Myanmar. 40 morti in scontri interetnici tra musulmani e buddisti. Appelli alla riconciliazione
Alta tensione in Myanmar. È salito a 40 morti il bilancio delle violenze scoppiate
tra comunità musulmana e buddista, nei giorni scorsi, a Meitkhila, nel centro del
Paese. Numerose abitazioni e moschee sono state date alle fiamme. Le autorità hanno
imposto il coprifuoco e schierato l’esercito. Disordini si segnalano anche nella regione
di Bago. In questo scenario rappresentanti musulmani, cristiani, hindu e buddisti
hanno diffuso un appello congiunto alla riconciliazione. Massimiliano Menichetti
ha intervistato Stefano Caldirola, docente di Storia contemporanea dell’Asia
all’Università degli studi di Bergamo:
R. – Meikthila
è un’area che era stata fino a questo momento al di fuori dei gravissimi scontri verificatisi
lo scorso anno, che hanno riguardato soprattutto lo Stato Rakhine, nella zona occidentale
del Paese. La mia impressione è che, dietro uno scontro religioso, ci sia in realtà
prevalentemente uno scontro di natura etnica. Noi abbiamo visto una serie di violenze
tra musulmani e buddisti a partire dagli anni Trenta del Novecento, ma dietro questo
conflitto, rivestito di un significato religioso, vi è in realtà uno dei tanti conflitti
etnici: ci troviamo in un Paese molto composito dove, con oltre 135 gruppi etnici
diversi, gli scontri sono all’ordine del giorno. D. - Oggi, chi si sta contrapponendo
al centro del Paese rispetto ad un anno fa nello Stato Rakhine? R. - Nello Stato
Rakhine, la contrapposizione è tra i buddisti autoctoni rakhine e i musulmani
rohingya. I musulmani rohingya sono immigrati dall’attuale Bangladesh,
quindi dalla regione del Bengala, alcuni in epoche piuttosto remote e altri durante
il periodo coloniale. Per quanto riguarda il centro del Paese, in passato ci sono
stati scontri e hanno coinvolto però prevalentemente i musulmani di origine indiana,
anche questi migrati durante l’epoca coloniale. Ora, non è ben chiaro chi siano le
parti in conflitto, in quanto si parla genericamente di scontri tra buddisti e musulmani,
ma ci sono diversi gruppi di musulmani in Myanmar, spesso si tende ad accomunarli
tutti, ma in realtà ci sono molte differenze.

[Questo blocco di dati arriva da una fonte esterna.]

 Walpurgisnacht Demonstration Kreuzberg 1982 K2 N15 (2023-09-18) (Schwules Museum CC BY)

D. - In città, a Meikthila, sono
state dispiegate le forze armate e decretato lo stato d’emergenza. Come si comporta
lo Stato centrale in queste situazioni?
R. - Ha avuto un atteggiamento piuttosto
ambiguo nel corso degli scontri nello Stato Rakhine lo scorso anno, perché, da un
lato, si faceva appello ai rivoltosi di fermarsi e si cercava di ristabilire l’ordine,
in realtà, molte fonti, sia all’interno della minoranza musulmana sia all’interno
dell’opposizione, hanno denunciato un atteggiamento di connivenza da parte delle autorità
nei confronti di questi scontri interetnici.

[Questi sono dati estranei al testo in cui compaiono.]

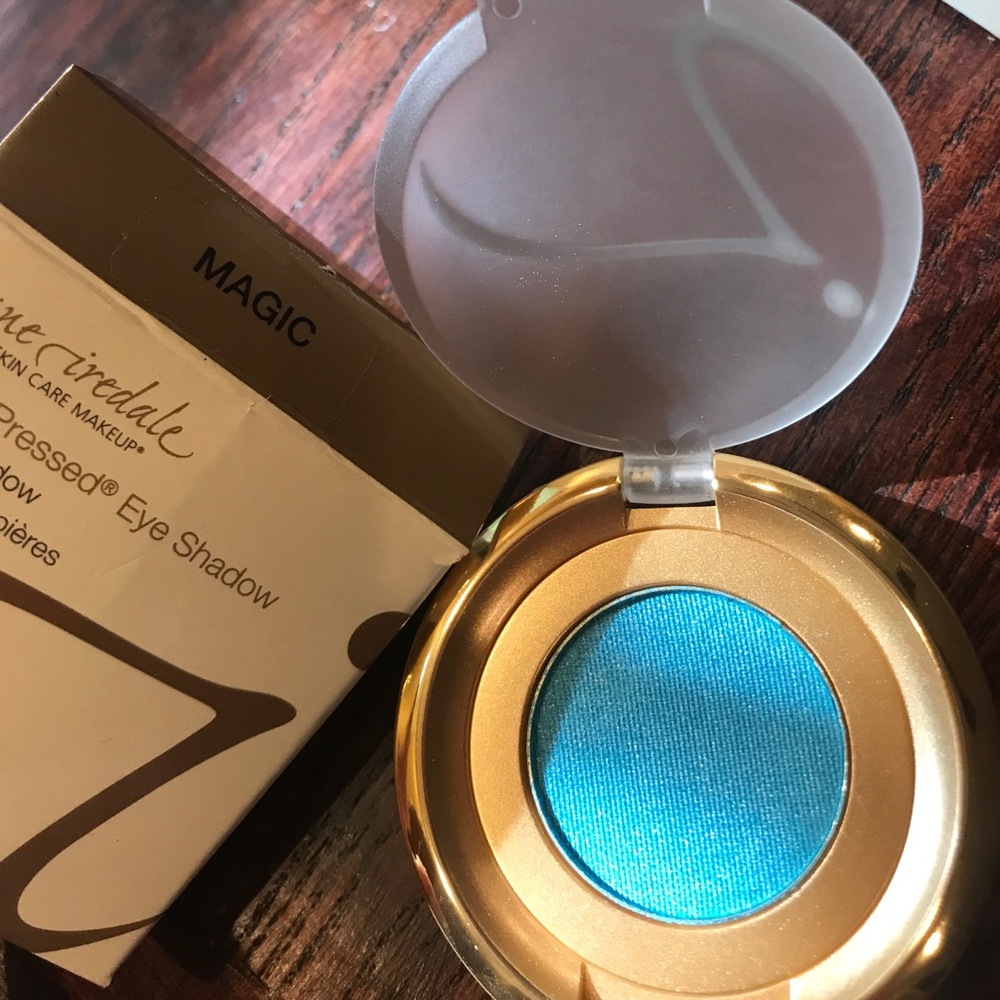 Makeup - Eyeshadow - Picture 4 of 4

D. - Perché? Qual è l’interesse?
R.
- Perché le aperture democratiche in un Paese con 135 etnie ufficialmente riconosciute
possono portare ad un aumento della conflittualità, che era stata parzialmente sedata
in queste zone dal duro governo militare. Certamente, si sta cercando di rimodellare
il rapporto tra l’etnia maggioritaria Bamar, profondamente buddista, e le altre minoranze.

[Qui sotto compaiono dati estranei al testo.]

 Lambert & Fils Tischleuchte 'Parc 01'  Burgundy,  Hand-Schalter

Fino a questo momento, il conflitto ha riguardato soprattutto le minoranze di confine,
per esempio i kachin, gli shan, i karen. Ora, però il timore da parte del governo
centrale è che una maggiore democratizzazione della società birmana possa portare
ad accendere un conflitto anche nelle zone tradizionalmente a maggioranza bamar.
D.
- La comunità internazionale sembra non esporsi…
R. - La comunità internazionale
è impegnata in un riconoscimento dell’apertura democratica del Myanmar e non vuole
prendere posizione su questioni che sono considerate questioni interne. C’è stata
una dura presa di posizione da parte dei Paesi musulmani, riguardo alla discriminazione
della minoranza, in particolare della minoranza rohingya, e questo ha creato
dei problemi a livello diplomatico. Però non credo che questi scontri possano influenzare
il processo di riavvicinamento del Myanmar nei confronti dei Paesi europei, nei confronti
degli Stati Uniti, che è ormai un processo che sta vivendo fasi di grande rapidità.